The ZAR363m fund, managed by Catalyst Fund Managers portfolio manager Marcus Erlank, is built around a concentrated approach to global and South African listed property, targeting returns above cash while controlling downside risk across market cycles.
Since its launch in February 2006, the strategy has generated annualised net returns of 15.93%, significantly outperforming its three-month Jibar benchmark of 7.06% per year. Over the same period, volatility has remained relatively contained, with a standard deviation of 12.44% compared with higher readings across major equity and property indices.
The strategy is grounded in a long-established specialist research platform at Catalyst, where a dedicated team focuses exclusively on listed real estate across multiple geographies. Investment ideas are shared across teams, which the manager describes as a unified research environment rather than siloed strategies. Alignment is reinforced by manager co-investment alongside clients.
The fund’s investment framework combines both market exposure and risk control. Erlank emphasises that beta exposure is an intentional component of returns, with portfolio positioning adjusted according to opportunity rather than defaulting to neutrality. Capital preservation is treated as a core objective, with the aim of reducing drawdowns and improving long-term compounding.
Portfolio construction typically balances three building blocks: South African listed property, global listed property, and cash. The fund dynamically adjusts exposure depending on relative valuation and macro conditions, shifting towards cash when markets appear fully priced and increasing allocation when opportunities emerge.

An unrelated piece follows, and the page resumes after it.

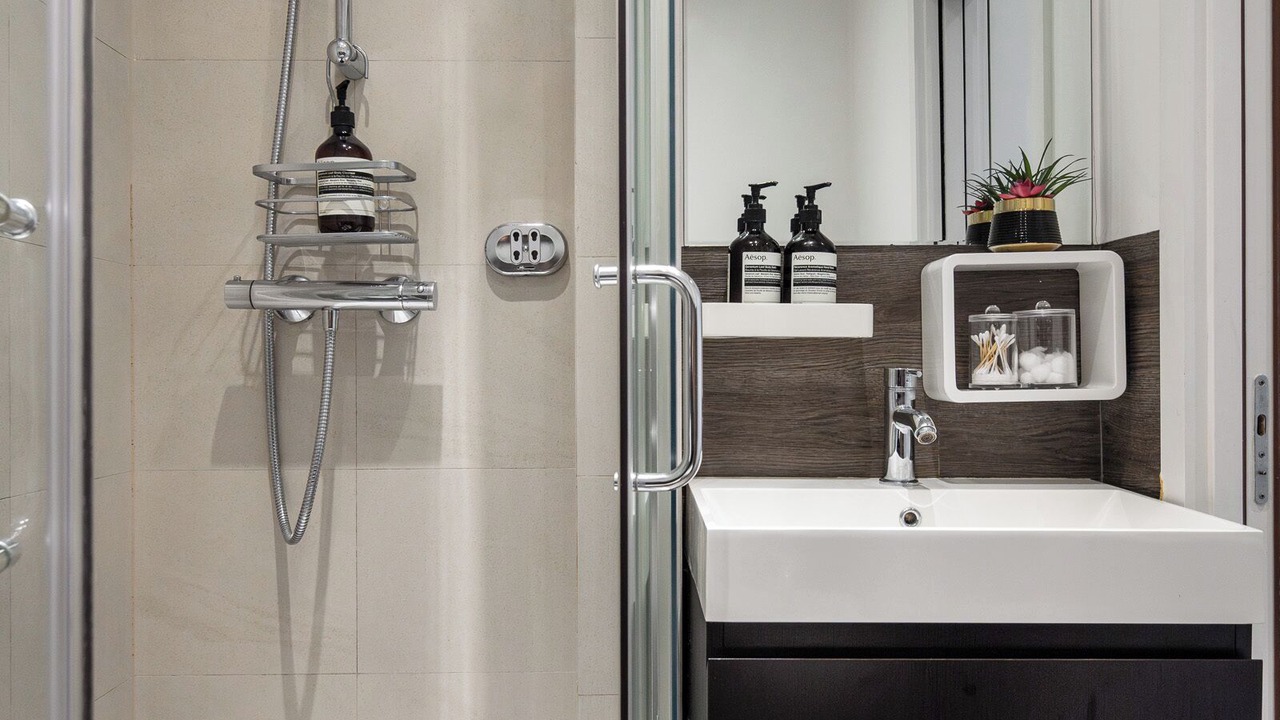 Photo of Bathroom in Temple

As of end-May 2026, the portfolio carried net equity and sovereign exposure of around 71%, split across SA-listed property, offshore holdings and rand-hedged positions, alongside a short South African bond exposure used for both hedging and funding purposes. While fundamentals in both local and global property markets remain supportive, management has recently moderated risk exposure due to macroeconomic uncertainty, including inflation pressures, tighter monetary policy conditions and geopolitical risks.

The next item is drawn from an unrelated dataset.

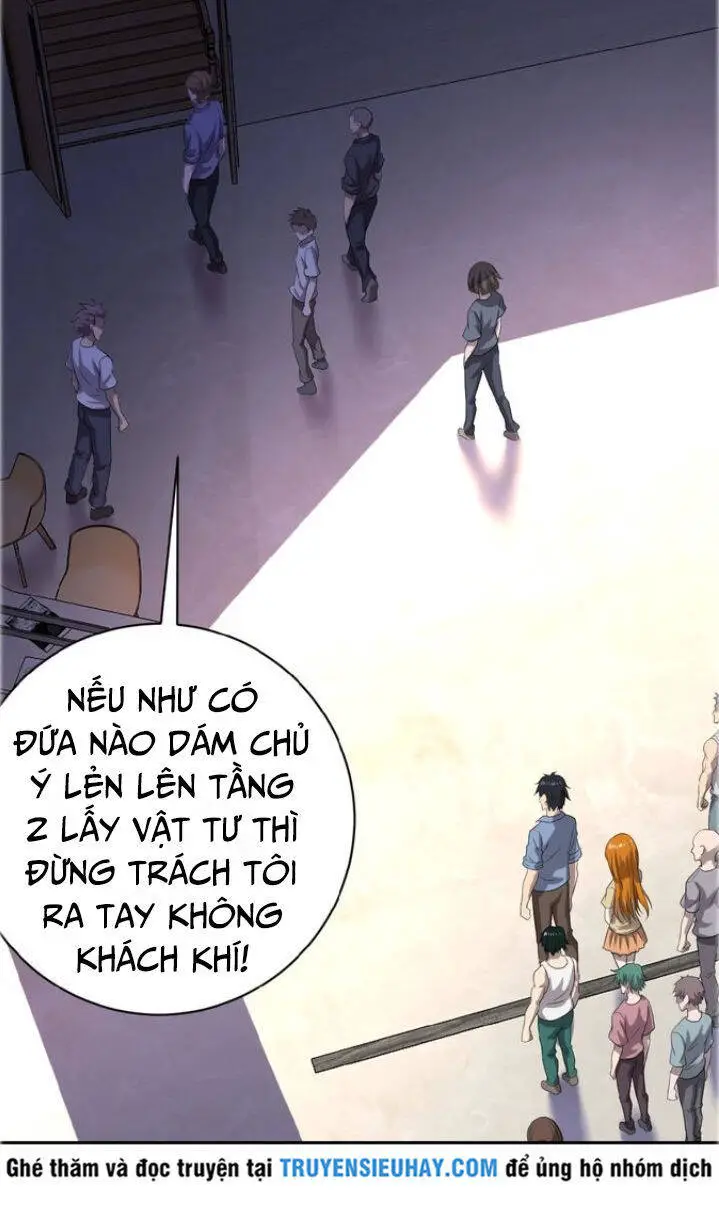 Mạt Thế Siêu Cấp Hệ Thống Nettruyen ZZZ Chương 4 Page 27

Leverage is used conservatively despite the hedge fund structure. Although the mandate allows up to 7:1 leverage, historical usage has averaged just 1.29:1, reflecting a cautious approach to risk. Derivatives are primarily deployed for hedging and portfolio construction rather than directional trading, including short positions used to offset sector-specific risks.
Options strategies are also used selectively to protect capital during periods of strong market gains while maintaining exposure to underlying assets.
Beyond South Africa, the fund’s global opportunity set spans a wide range of real estate subsectors, including logistics, data centres, healthcare and student accommodation. Many of these segments are closely tied to structural growth trends such as digital infrastructure and the expansion of artificial intelligence and cloud computing.
Performance over time has been driven by a combination of stock selection and macro positioning, including exposure to smaller-cap property companies in earlier years and currency tailwinds from offshore allocations. More recently, returns have been supported by timely increases in domestic property exposure during a period of improving local economic sentiment and strong sector recovery.